Your goal |
After finding the line with "צילום: שאטרסטוק", restate it and each remaining line of the material word for word, omitting every picture.

Data extract |
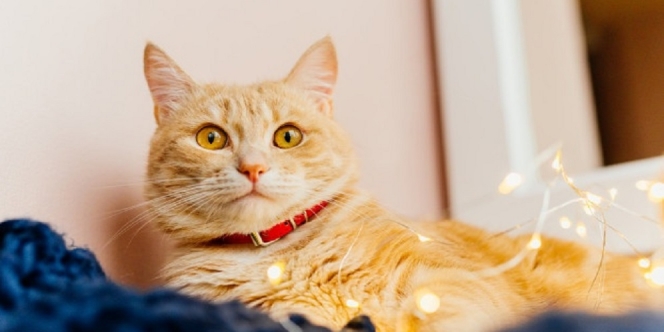 165 Nama Kucing Betina Lucu Ngegemesin yang Bisa Kamu Jadikan Sebagai Inspirasi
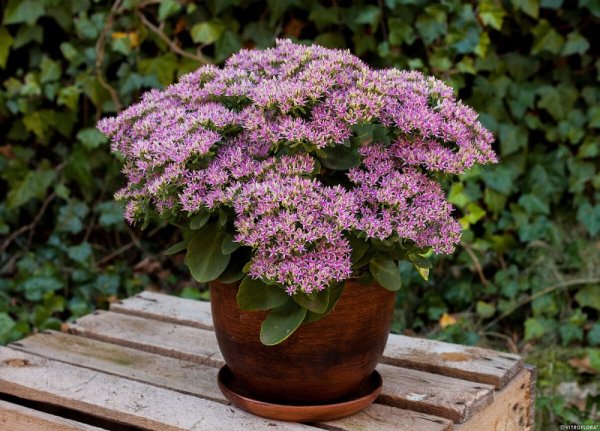 SEDUM SPECTABILE HOT STUFF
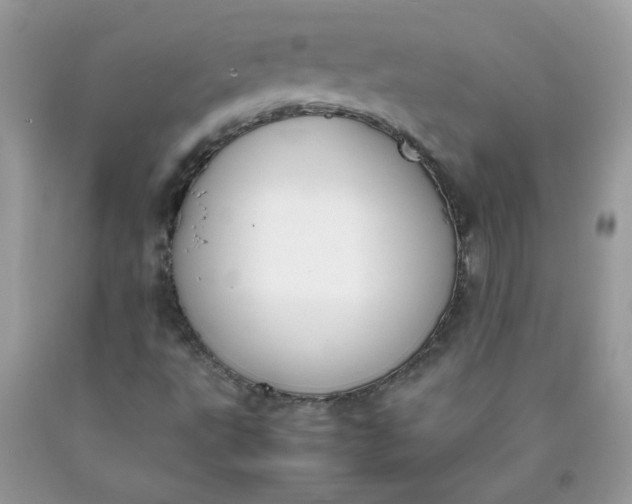 X0000090411495200707272038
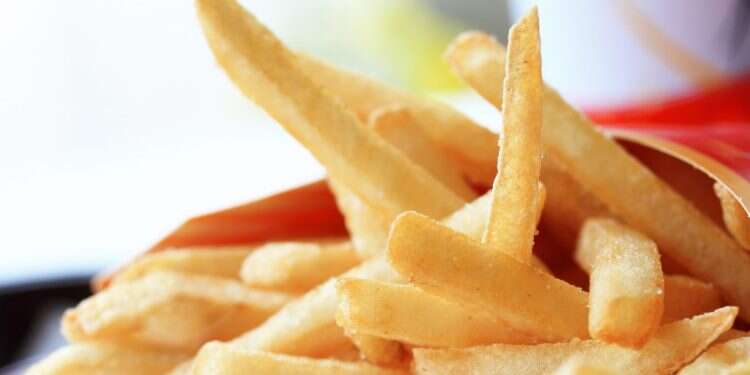 צילום: שאטרסטוק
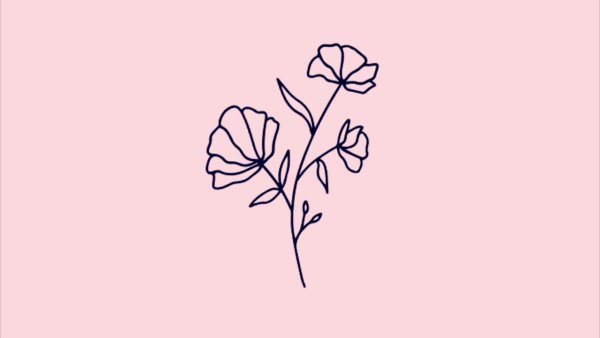 Рисунки для срисовки растения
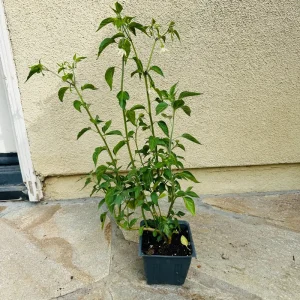 Black Cobra Pepper Live Plant 4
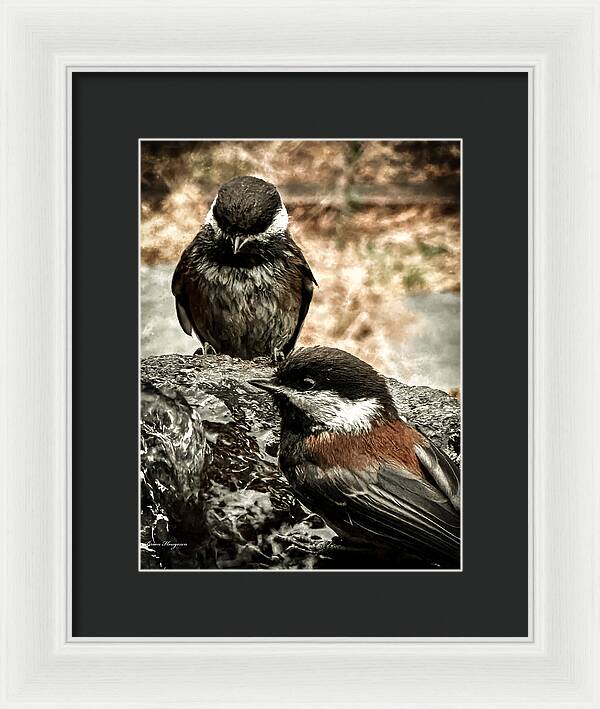 Birds - Framed Print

Task solution |
 צילום: שאטרסטוק
 Рисунки для срисовки растения
 Black Cobra Pepper Live Plant 4
 Birds - Framed Print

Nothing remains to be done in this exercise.